An exact transcription of the listing, without its images, is what the answer must contain.

# DATA
━━━

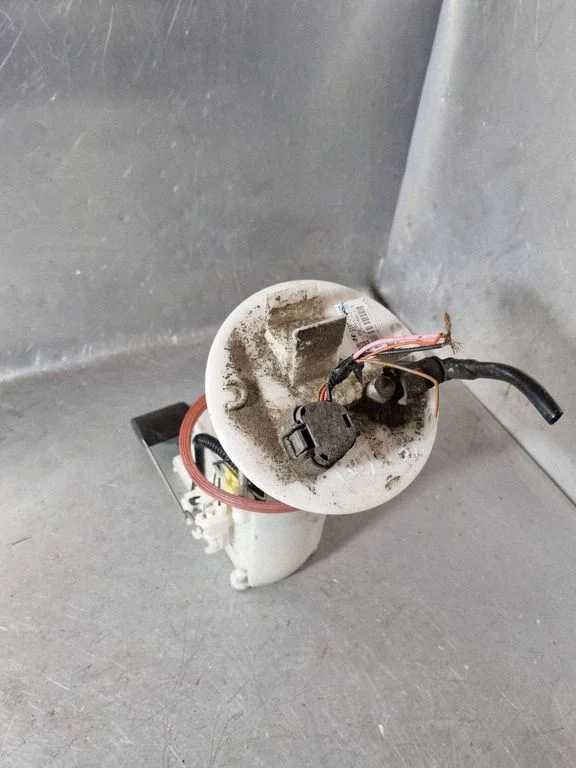 In-tank fuel pump 311103S450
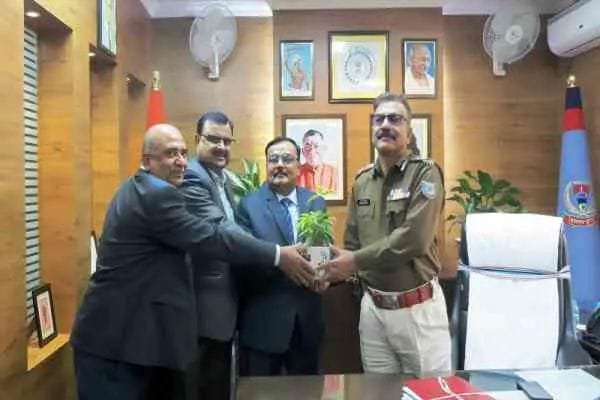 झारखंड पुलिस और बैंक ऑफ इंडिया के बीच रक्षक सैलरी पैकेज के लिए हुआ एमओयू झारखंड पुलिस और बैंक ऑफ इंडिया के बीच रक्षक सैलरी पैकेज के लिए हुआ एमओयू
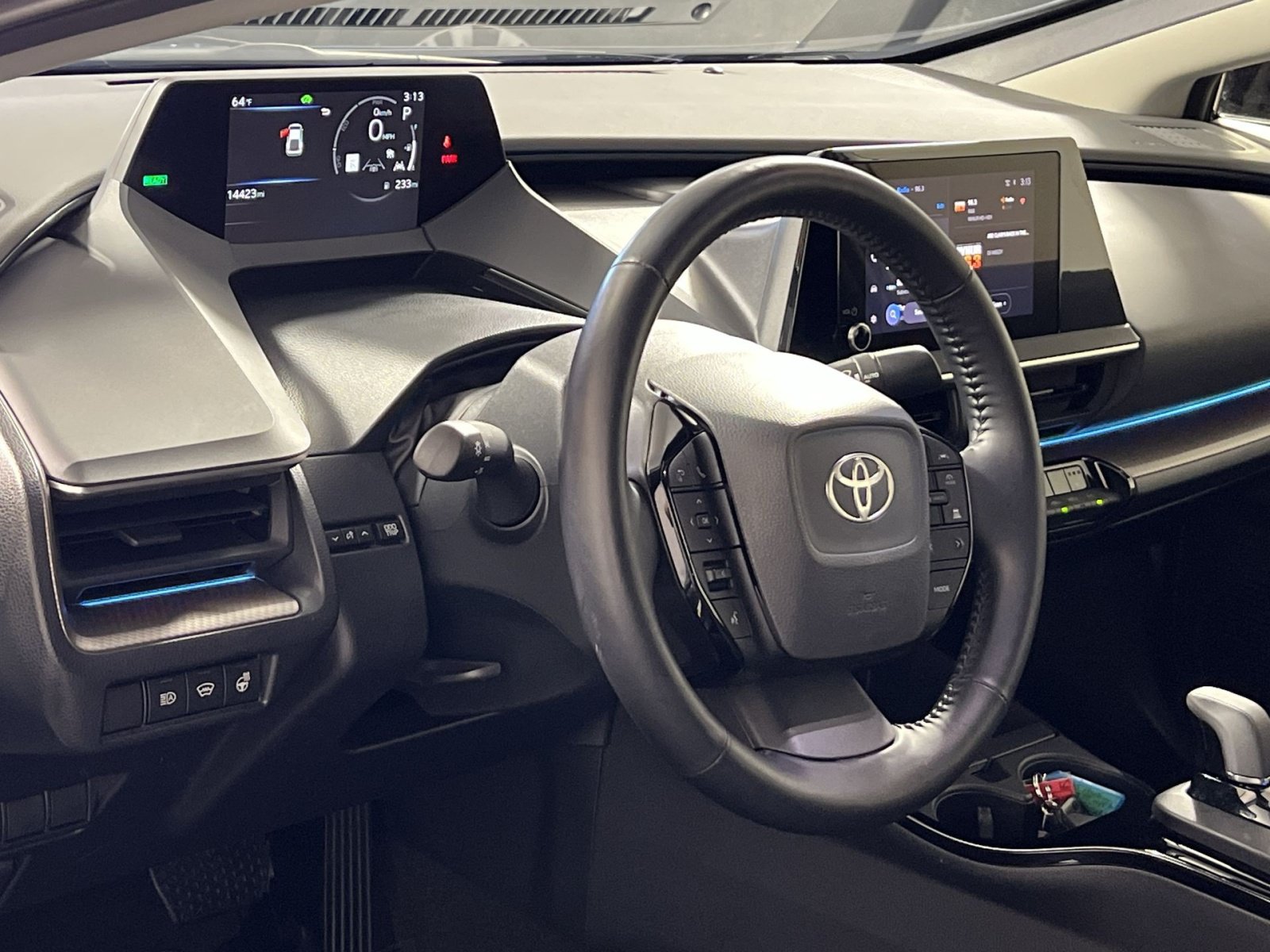 Used 2025 Toyota Prius XLE AWD/4WD image 16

━━━

# OUTPUT OF THE TASK
 In-tank fuel pump 311103S450
 झारखंड पुलिस और बैंक ऑफ इंडिया के बीच रक्षक सैलरी पैकेज के लिए हुआ एमओयू झारखंड पुलिस और बैंक ऑफ इंडिया के बीच रक्षक सैलरी पैकेज के लिए हुआ एमओयू
 Used 2025 Toyota Prius XLE AWD/4WD image 16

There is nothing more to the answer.